Hace unos días, el caso de Valeria Márquez, influencer asesinada mientras transmitía en vivo desde su estética, conmocionó al país. Su asesinato ha puesto sobre la mesa un tema que muchos comentan en privado, pero que pocos se atreven a expresar abiertamente: el dinero fácil, cuando se persigue a través de relaciones peligrosas, exposición constante o la entrega de la propia intimidad, puede acabar siendo una sentencia de muerte.
No es solo la historia de Valeria. Es el espejo de miles de jóvenes que hoy están dispuestas a arriesgarlo todo por proyectar una vida de riqueza, fama, lujo y un supuesto éxito. Pero en esta realidad existe un costo oculto, porque cuando se vende el cuerpo, la imagen o el tiempo al mejor postor, se asume un préstamo con una tasa desconocida.
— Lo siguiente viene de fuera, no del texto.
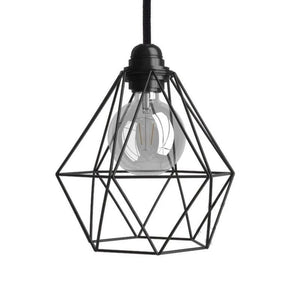 Hanglamp industrieel zwart kooi ' Nordlux Tees' E27 fitting - FOIR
Y en este mercado, los intereses no perdonan.
El mercado ha creado una trampa perfecta sexualizando la economía. Ha convencido a miles de jovencitas de que su principal activo financiero es su cuerpo, su imagen, su juventud. Las ha convertido en marcas, en productos de alto consumo para públicos ansiosos y dispuestos a pagar. Y cuando el capital simbólico se agota, cuando dejan de ser novedad, cuando otra más joven o más bonita aparece, son descartadas, reemplazadas, olvidadas. En el peor de los casos, asesinadas.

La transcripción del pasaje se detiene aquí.